Christmas in May

Originally Posted on The Triangle via UWIRE

In the past five months I have had a lot of time to think about Christmas. The most wonderful time of the year when you’re stuck spending gratuitous time with people you don’t like or, depending on how large your family is, don’t even know.

The festive, jolly holiday when you can’t walk outside without a portable apocalypse bunker and wherever you go, you know you will be forced to listen to the same three tacky, simple songs in a loop because someone a long time ago decided that any music less than one million years old is banned during the holiday season.

A time during which we can all celebrate the spirit of giving by recklessly inflating capitalist corporations.

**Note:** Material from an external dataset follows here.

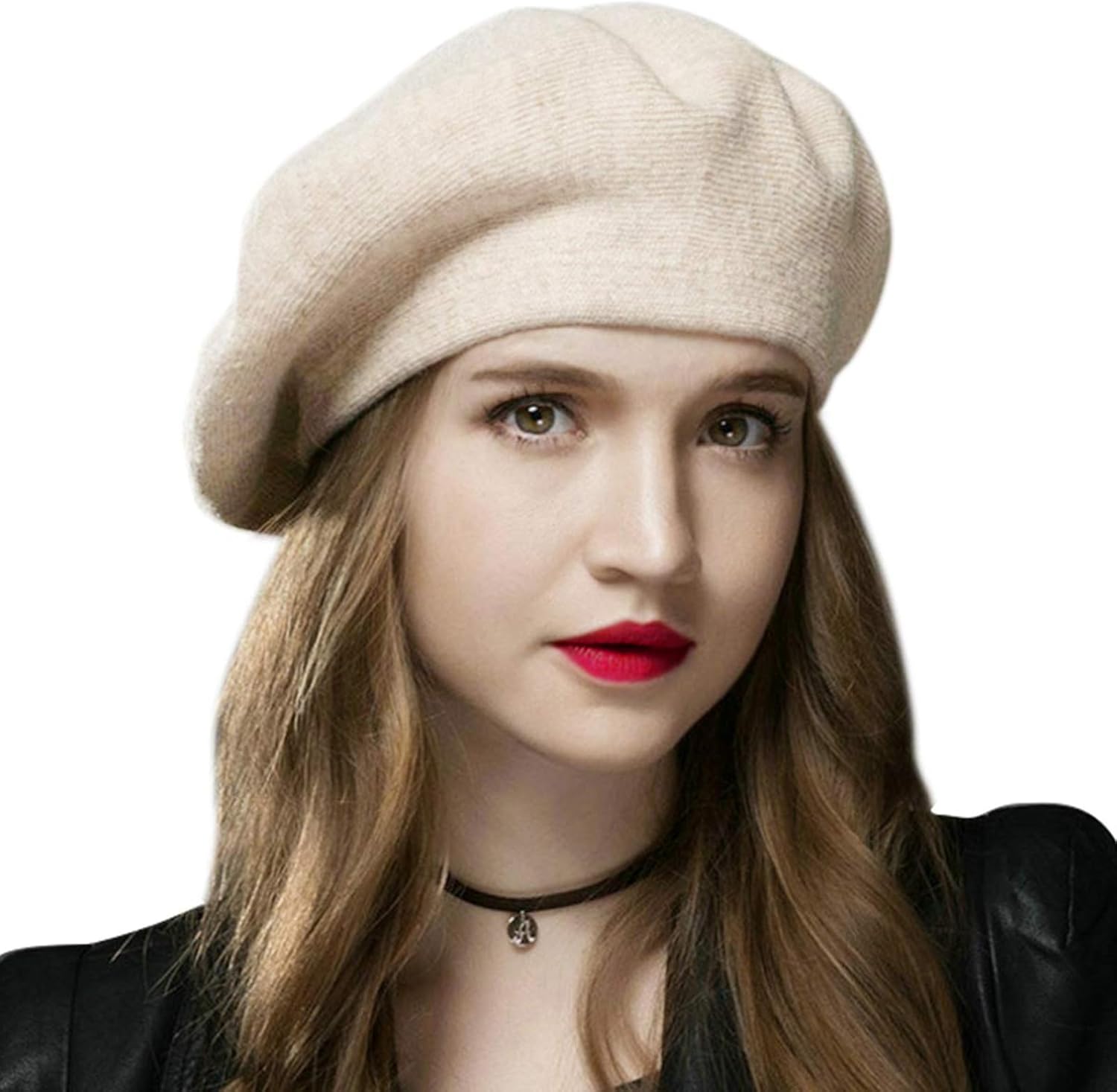Women Beret Hat French Wool Beret Beanie Cap Classic Solid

You may have already picked up on this, but I don’t really like Christmas. I like snow. I like giving people things. I like getting free stuff and cooking big dinners for people I care about. I even like pine trees. I just don’t like Christmas itself. The concept is fine, I suppose, if a bit bland, but the implementation is lacking.

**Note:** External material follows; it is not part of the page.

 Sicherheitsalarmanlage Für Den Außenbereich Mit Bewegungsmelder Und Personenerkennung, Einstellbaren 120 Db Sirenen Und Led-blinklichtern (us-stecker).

Surely you’ve seen a movie or TV show in which “The Family is Going on Vacation!” and everything goes wrong, but the father is determined that “We are Going to Have a Good Time”, and he just tries harder to force fun at an event as it spirals further and further out of his control until some climax happens. There’s a moral. The family comes closer together and everything is fine.

The way I see it, Christmas is like that plot, except there’s no climax and no payoff. It’s just the first part. Christmas is a time when people try to make an arbitrary month into a replica of some magical nostalgic fairyland that never existed in the first place, and run themselves ragged in the process. They spend more than they can afford on gifts that are essentially just very expensive tokens of affection. Then they wake up too early on a dreary morning to sit around a tree and wonder why they didn’t save a whole lot of time and money by just buying themselves what they wanted and inviting the fam to hang out afterward.

There is always a silver lining though. Christmas as an institution does give us one thing that we can’t get anywhere else: the Santa Claus lie debate. Whether you tell young children that there is no Santa or lie and pretend there is one, I think it’s safe to say that society has created a scenario in which there is no morally correct way to handle the portly red legend. That’s the one break for me in the monotonous procession of hollow cheer and ritual kindness. Incredible.